Fraud ve Farkındalık Nedir? Nasıl Olur?

  • 17 Kasım 2025

Her yıl kasım ayında dünya genelinde kutlanan “Fraud Awareness Week”, kurumlarda dürüstlük kültürünü güçlendirmeyi ve çalışanlarda farkındalık oluşturmayı amaçlıyor. Suistimalin finansal kayıpların yanı sıra güven ve itibar kaybına da yol açması suistimalle (fraud) mücadelenin kurumlar için önemini artırmaktadır. The Association of Certified Fraud Examiners (ACFE) tarafından her yıl yayınlanan “Uluslara Rapor” isimli çalışmada dünyanın çeşitli bölgelerinden derlenen suistimal vakaları hakkında istatistikler ve bu vakalardan çıkarılması gereken derslerle ilgili çok kıymetli bilgiler yer alıyor. 2024 yılında yayınlanan raporda 138 ülke veya bölgeden 1.1921 suiistimal vakasının toplam 3.1 milyar USD kayba yol açtığı belirtiliyor.
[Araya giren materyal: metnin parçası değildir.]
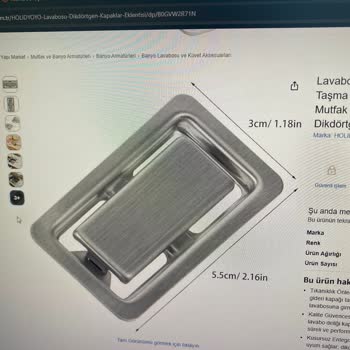 Ankastre Dünyası Ukinox Evye İçin Eksik Gider Kapağı Ücretsiz Temin Talebi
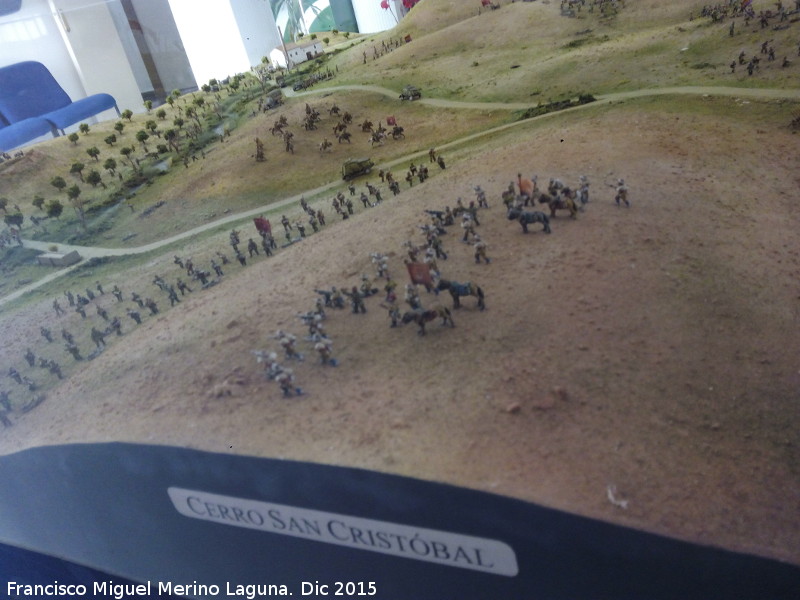 Yacimiento Cerro de San Crist�bal - Yacimiento Cerro de San Crist�bal. Maqueta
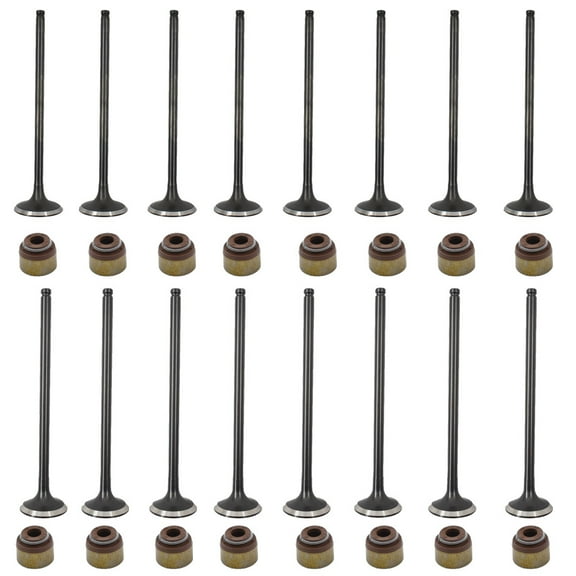 LABLT Exhaust and Intake Valves for 92-05 Honda Civic DEL Sol 1.6L 1.7L SOHC D16Z6 Fits select: 1997-1998,2001-2005 HONDA CIVIC LX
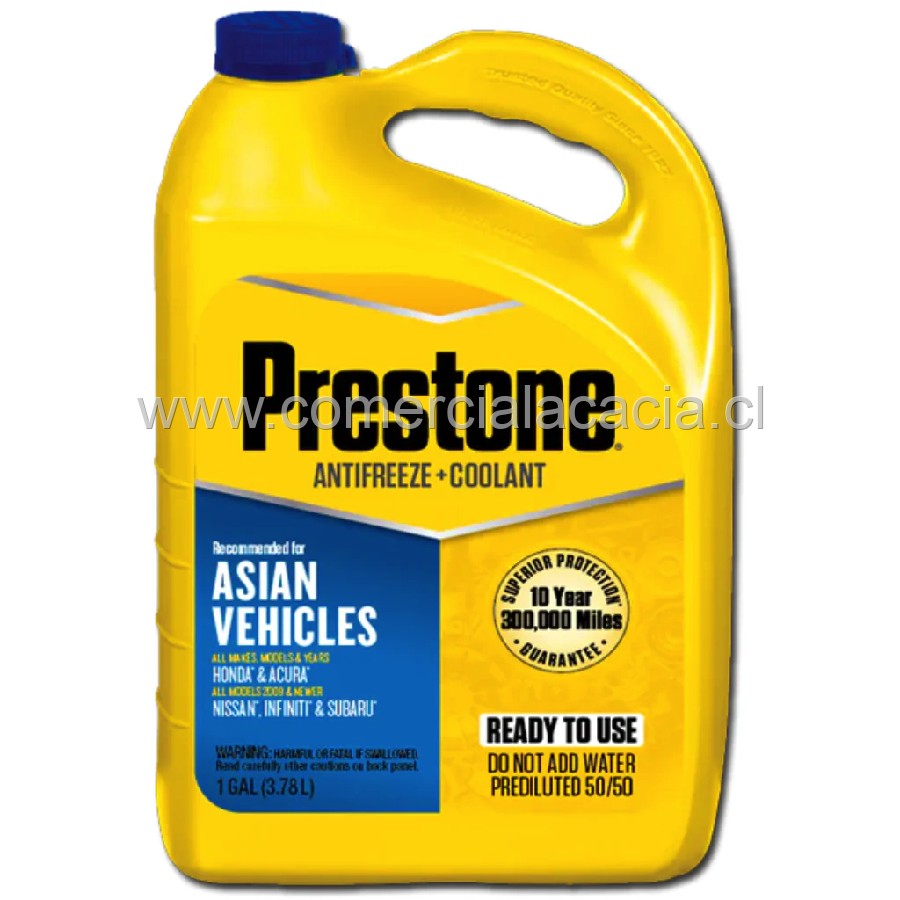 anticongelante prestone asian blue 50/50 azul 1galon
Suistimal (fraud), kişisel çıkar elde etmek amacıyla kurumun veya üçüncü kişilerin zararına yapılan kasıtlı eylemleri ifade eder. Bu eylemler; sahte belge düzenlemek, varlıkları zimmete geçirmek, yetkisiz işlemler yapmak ya da çıkar çatışmasına yol açmak gibi farklı biçimlerde karşımıza çıkabilir. ACFE’ye göre bir suistimal vakası suiistimal üçgeni adı verilen baskı, fırsat ve rasyonelleştirme unsurlarının bir araya gelmesiyle mümkün olur.

Baskı; kişinin finansal sıkıntılar, performans hedefleri, kişisel beklentiler veya ailevi sorunlar nedeniyle hissettiği stres ve motivasyonu ifade eder. Fırsat ise suistimalcinin kontrol eksiklikleri, görevler ayrılığına uyulmaması veya zayıf gözetim mekanizmaları nedeniyle suistimal gerçekleştirme imkanı bulmasıdır. Rasyonelleştirme ise kişinin kendi eylemini haklı gösterecek bir mazeret üretmesi anlamına geliyor.

Bu üç unsur bir araya geldiğinde, en güçlü kurum kültürlerinde bile riskler oluşabilir. Bu yüzden suistimalleri önlemenin yolu yalnızca denetim ve kontrol süreçlerinden değil, aynı zamanda etik değerleri güçlü bir kurum kültüründen geçer.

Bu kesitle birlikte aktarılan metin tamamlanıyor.